🏦 Bank Marketing Data Cleaning

Cleaning, reformatting, and splitting bank marketing campaign data for PostgreSQL ingestion.

📖 Background

Personal loans are a lucrative revenue stream for banks. The typical interest rate of a two-year loan in the United Kingdom is around 10%. In September 2022 alone, UK consumers borrowed around £1.5 billion — approximately £300 million in interest generated by banks over two years.

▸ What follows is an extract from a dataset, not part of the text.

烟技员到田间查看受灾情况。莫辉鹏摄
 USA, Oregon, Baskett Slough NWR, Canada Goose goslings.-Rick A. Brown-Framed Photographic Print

This project cleans data collected from a bank's recent marketing campaign aimed at getting customers to take out a personal loan. The cleaned data is structured to be imported into a PostgreSQL database, enabling future campaigns to reuse the same schema seamlessly.

📁 Project Structure

├── bank_marketing.csv      # Raw input data
├── notebook.ipynb          # Main Jupyter Notebook
├── client.csv              # Output: client demographic data
├── campaign.csv            # Output: campaign interaction data
└── economics.csv           # Output: economic indicator data

🎯 Objective

Clean, reformat, and split bank_marketing.csv into three separate CSV files:

File	Description
`client.csv`	Client demographic and financial profile
`campaign.csv`	Campaign contact history and outcomes
`economics.csv`	Macroeconomic indicators at time of contact

🗂️ Output Schema

`client.csv`

Column	Type	Description	Cleaning
`client_id`	`integer`	Client ID	—
`age`	`integer`	Age in years	—
`job`	`object`	Type of job	Replace `"."` → `"_"`
`marital`	`object`	Marital status	—
`education`	`object`	Education level	Replace `"."` → `"_"`, `"unknown"` → `NaN`
`credit_default`	`bool`	Credit in default?	`1` if `"yes"`, else `0`
`mortgage`	`bool`	Has housing loan?	`1` if `"yes"`, else `0`

`campaign.csv`

Column	Type	Description	Cleaning
`client_id`	`integer`	Client ID	—
`number_contacts`	`integer`	Contacts in current campaign	—
`contact_duration`	`integer`	Last contact duration (seconds)	—
`previous_campaign_contacts`	`integer`	Contacts in previous campaign	—
`previous_outcome`	`bool`	Previous campaign outcome	`1` if `"success"`, else `0`
`campaign_outcome`	`bool`	Current campaign outcome	`1` if `"yes"`, else `0`
`last_contact_date`	`datetime`	Last contact date	Built from `day` + `month` + `2022`, format: `YYYY-MM-DD`

`economics.csv`

Column	Type	Description	Cleaning
`client_id`	`integer`	Client ID	—
`cons_price_idx`	`float`	Consumer price index	—
`euribor_three_months`	`float`	Euribor 3-month rate	—

🧹 Solution

import pandas as pd
import numpy as np

df = pd.read_csv("bank_marketing.csv")

# ── client.csv ────────────────────────────────────────────────────────────────
client = df[["client_id", "age", "job", "marital", "education",
             "credit_default", "mortgage"]].copy()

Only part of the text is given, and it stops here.